[Items from a dataset]
BEGIN

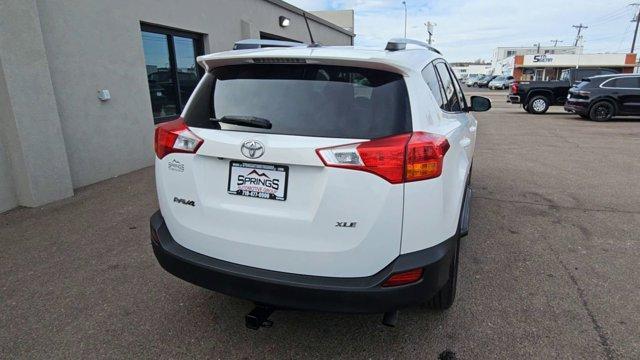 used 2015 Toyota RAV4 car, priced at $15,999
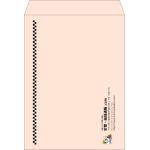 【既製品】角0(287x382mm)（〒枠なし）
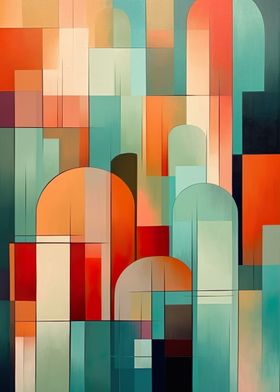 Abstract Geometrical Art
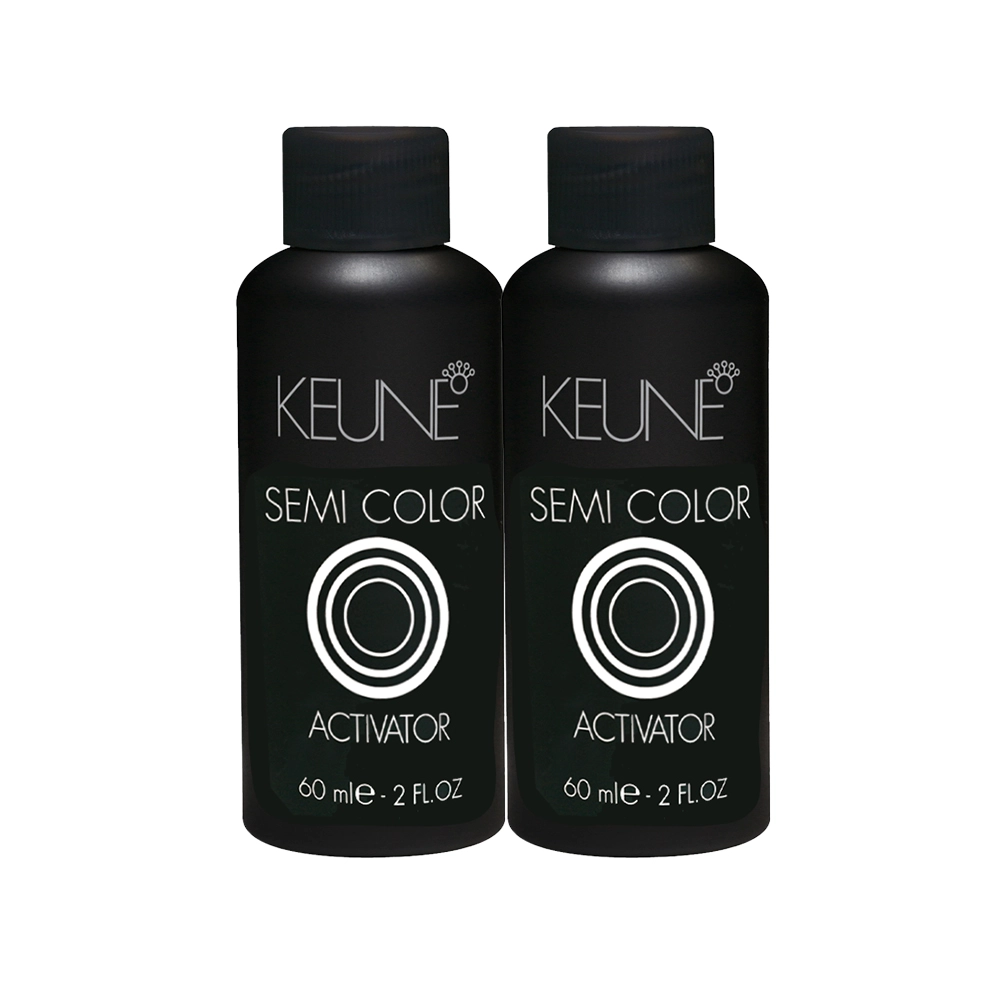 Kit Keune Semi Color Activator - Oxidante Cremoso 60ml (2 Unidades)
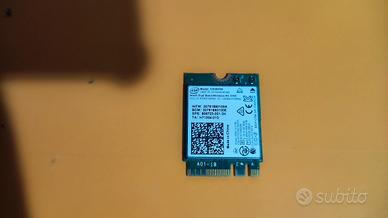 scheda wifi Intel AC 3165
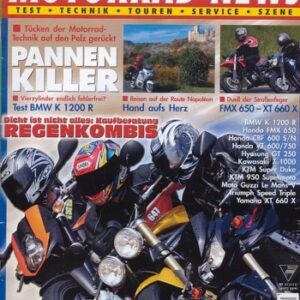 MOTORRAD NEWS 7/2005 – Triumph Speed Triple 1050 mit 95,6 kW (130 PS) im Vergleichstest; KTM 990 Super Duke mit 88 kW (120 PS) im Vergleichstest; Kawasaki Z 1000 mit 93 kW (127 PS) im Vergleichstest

END

* [Problem description]: What is needed is a word-for-word copy of the records above, excluding pictures.

* [Answer for this exercise]:
 used 2015 Toyota RAV4 car, priced at $15,999
 【既製品】角0(287x382mm)（〒枠なし）
 Abstract Geometrical Art
 Kit Keune Semi Color Activator - Oxidante Cremoso 60ml (2 Unidades)
 scheda wifi Intel AC 3165
 MOTORRAD NEWS 7/2005 – Triumph Speed Triple 1050 mit 95,6 kW (130 PS) im Vergleichstest; KTM 990 Super Duke mit 88 kW (120 PS) im Vergleichstest; Kawasaki Z 1000 mit 93 kW (127 PS) im Vergleichstest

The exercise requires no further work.